Thirty minutes or so after Marcia had turned off the light and closed the door, I joined the family in the living room.  In my sorrow, I had acknowledged the pain of my family and my need to reconnect with them.  And I had acknowledged the blessing it was to be with my new family.  The time spent in darkness had brought clarity--recognition of what I had lost and gained...a wonderful gift to receive.  I walked over to where Marcia was sitting on the couch and kissed her gently on the forehead and whispered "thank you."  As she looked up, into my still red eyes, we shared another moment…a moment of recognition, perhaps…a moment of love…a moment of peace.

 

I have thought a lot about that night over the years, and the wonderful thing is that this gift of darkness has now become a treasured Christmas memory for me…a memory that can still bring back the pain I felt that night…but that also carries with it joy that I wouldn’t want to forget.  The joy of being loved…the joy of learning, once again, that there is more to life than our losses…and that the empty spaces we carry with us can open up new opportunities for connection…for understanding…for life.

 

While my duties here at church now keep me from attending Catholic mass with Susan’s family on Christmas Eve, we are fortunate to be close enough to celebrate together the next day. Still, this year, the Thompson family Christmas will be different. As many of you know, Susan’s dad died this past spring of complications from Lou Gerhig’s disease.
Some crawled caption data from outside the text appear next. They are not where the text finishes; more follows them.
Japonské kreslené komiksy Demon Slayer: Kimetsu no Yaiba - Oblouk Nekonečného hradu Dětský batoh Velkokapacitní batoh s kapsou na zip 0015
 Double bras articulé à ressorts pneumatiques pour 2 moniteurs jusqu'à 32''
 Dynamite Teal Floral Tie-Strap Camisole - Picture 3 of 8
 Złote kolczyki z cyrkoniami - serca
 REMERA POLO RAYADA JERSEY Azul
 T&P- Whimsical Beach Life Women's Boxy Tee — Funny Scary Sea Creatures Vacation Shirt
I was talking with Marcia a few weeks ago, suggesting that this season may bring some challenges.  She said with assurance and determination, “Nothing could be worse than it was last year.”

 

I nodded and replied, “Yes, that is probably true.”  Silence hung in the room for a moment or two and then we moved on to some other topic.  But even as we chose to talk about something else, I promised myself that I will do my best to be ready…ready throughout this season and in the years to come.  I will be ready to return the gift that Marcia gave that Christmas Eve several years ago when she let me feel the pain I needed to feel.  I will be ready to return the gift of darkness even as I struggle with the empty space, too.  And I will be grateful for the opportunity.

 

After all, in their best moments, that’s what families are for….

 

During the holiday season we may have a tendency to wrap ourselves in light...to not allow the shadows to interfere in the great time we are supposed to be having.  Our great expectations are often our greatest hurdles.  We subject ourselves to distractions that take us away from one of the truest gifts of December--the darkness of the season that encourages us to reconnect, to recollect, to remember.  But it is the darkness that makes the light possible.  It is the darkness that encourages us to bask in the warmth of family and friendship...in the glow of living and loving.  It is the darkness that shows us the way to the light...in this Time of Recollection, in this Season of Remembrance.